In television ads last month, Cantwell began promoting herself as an advocate for privacy. In one of the ads, she looks at the camera and says: "What you do on your computer should be your business and nobody else's."
But Senn last week accused Cantwell of hypocrisy and challenged her to pull the privacy ads.
"In terms of Internet privacy, RealNetworks has not had a good track record," Senn said. "My primary opponent was a top executive at that company. She has literally single-handedly created the need for legislation to protect privacy."
But Cantwell says the lessons she learned at RealNetworks would make her a valuable voice in the Senate. She pledges to work for laws that would require Internet companies to disclose how they collect and use personal data.
"I was convinced after seeing just how fast everything moves and the different players involved (in the high-tech industry), you'd get better protection and clarity with legislation," she said.

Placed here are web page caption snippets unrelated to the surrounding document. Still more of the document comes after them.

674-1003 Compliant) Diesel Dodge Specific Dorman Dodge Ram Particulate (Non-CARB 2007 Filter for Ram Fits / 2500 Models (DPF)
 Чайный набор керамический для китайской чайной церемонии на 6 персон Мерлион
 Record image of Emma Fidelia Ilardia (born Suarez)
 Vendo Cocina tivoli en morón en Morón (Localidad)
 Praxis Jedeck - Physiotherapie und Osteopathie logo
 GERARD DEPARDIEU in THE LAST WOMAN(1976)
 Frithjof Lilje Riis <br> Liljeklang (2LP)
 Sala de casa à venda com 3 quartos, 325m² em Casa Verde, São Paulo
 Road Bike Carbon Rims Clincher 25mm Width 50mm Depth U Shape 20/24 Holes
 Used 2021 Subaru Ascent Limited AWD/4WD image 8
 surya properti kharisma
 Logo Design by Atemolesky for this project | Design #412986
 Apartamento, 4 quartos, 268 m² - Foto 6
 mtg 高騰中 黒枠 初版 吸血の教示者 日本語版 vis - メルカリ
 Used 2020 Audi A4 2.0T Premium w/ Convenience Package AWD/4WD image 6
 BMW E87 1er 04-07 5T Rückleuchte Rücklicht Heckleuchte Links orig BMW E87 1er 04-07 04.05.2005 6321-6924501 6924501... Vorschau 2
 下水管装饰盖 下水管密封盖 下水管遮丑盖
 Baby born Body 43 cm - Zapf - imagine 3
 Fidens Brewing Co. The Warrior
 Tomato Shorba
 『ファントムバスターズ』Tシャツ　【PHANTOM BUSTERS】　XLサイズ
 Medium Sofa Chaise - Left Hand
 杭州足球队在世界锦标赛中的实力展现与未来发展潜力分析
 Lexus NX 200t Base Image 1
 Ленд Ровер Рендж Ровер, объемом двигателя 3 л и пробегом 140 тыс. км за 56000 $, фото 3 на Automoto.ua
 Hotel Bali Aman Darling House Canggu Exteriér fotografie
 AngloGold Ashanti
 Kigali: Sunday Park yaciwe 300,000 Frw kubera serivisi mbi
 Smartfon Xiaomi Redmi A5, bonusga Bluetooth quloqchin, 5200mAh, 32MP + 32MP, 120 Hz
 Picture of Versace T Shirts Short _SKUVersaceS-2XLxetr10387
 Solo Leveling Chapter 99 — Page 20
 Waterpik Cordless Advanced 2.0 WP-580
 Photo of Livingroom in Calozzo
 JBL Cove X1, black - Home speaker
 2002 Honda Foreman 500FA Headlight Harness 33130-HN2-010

Her campaign Web site lists "Ten Things You Can Do To Protect Your Privacy."
Nationally respected privacy advocates have voiced concern that Cantwell is using Internet privacy as a campaign platform. "Certainly there are questions of sincerity there," said privacy advocate Weinstein.
But other advocates said they were satisfied with the steps RealNetworks has taken and now consider the company a leader in e-commerce disclosure.
"RealNetworks had a data (Exxon) Valdez, where data was spilling out and they were trying to clean it up. It was a major reputation crisis," said Dave Steer, a spokesman for Truste, a self-monitoring group created by the industry. "I am one of those people who believes people can have a shameful past and see the light and try to do the right thing. I think RealNetworks is one of those companies."
Other privacy advocates say Cantwell can't be blamed for something that happened in a huge company.
Even Richard Smith, the Massachusetts-based privacy consultant who put the spotlight on RealNetworks, said: "I wouldn't make a big deal out of it. I'd be more concerned about what she's saying now in terms of the larger picture as opposed to what she did at RealNetworks."